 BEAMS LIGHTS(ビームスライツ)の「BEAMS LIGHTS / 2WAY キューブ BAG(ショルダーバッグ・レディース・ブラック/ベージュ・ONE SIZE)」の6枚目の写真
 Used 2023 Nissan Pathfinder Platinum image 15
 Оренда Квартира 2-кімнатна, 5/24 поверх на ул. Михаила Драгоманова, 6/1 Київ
==
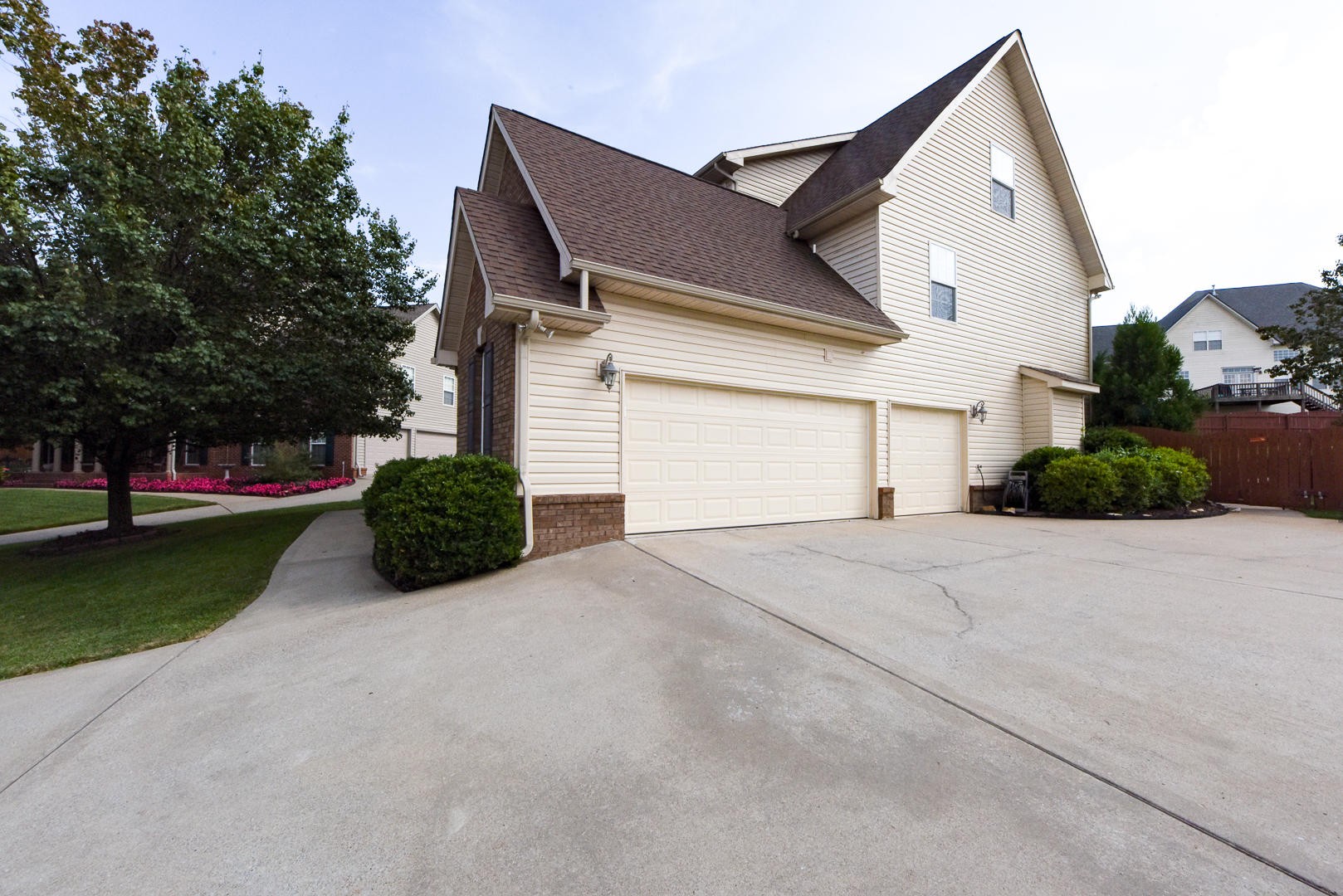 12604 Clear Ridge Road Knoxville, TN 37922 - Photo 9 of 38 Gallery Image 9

__TASK BRIEF__. Whatever else the listing above holds, retype exactly only the lines from the one containing "BEAMS LIGHTS(ビームスライツ)の「BEAMS LIGHTS" to the one containing "Оренда Квартира 2-кімнатна, 5/24", both ends kept.

__RESPONSE AREA__.
 BEAMS LIGHTS(ビームスライツ)の「BEAMS LIGHTS / 2WAY キューブ BAG(ショルダーバッグ・レディース・ブラック/ベージュ・ONE SIZE)」の6枚目の写真
 Used 2023 Nissan Pathfinder Platinum image 15
 Оренда Квартира 2-кімнатна, 5/24 поверх на ул. Михаила Драгоманова, 6/1 Київ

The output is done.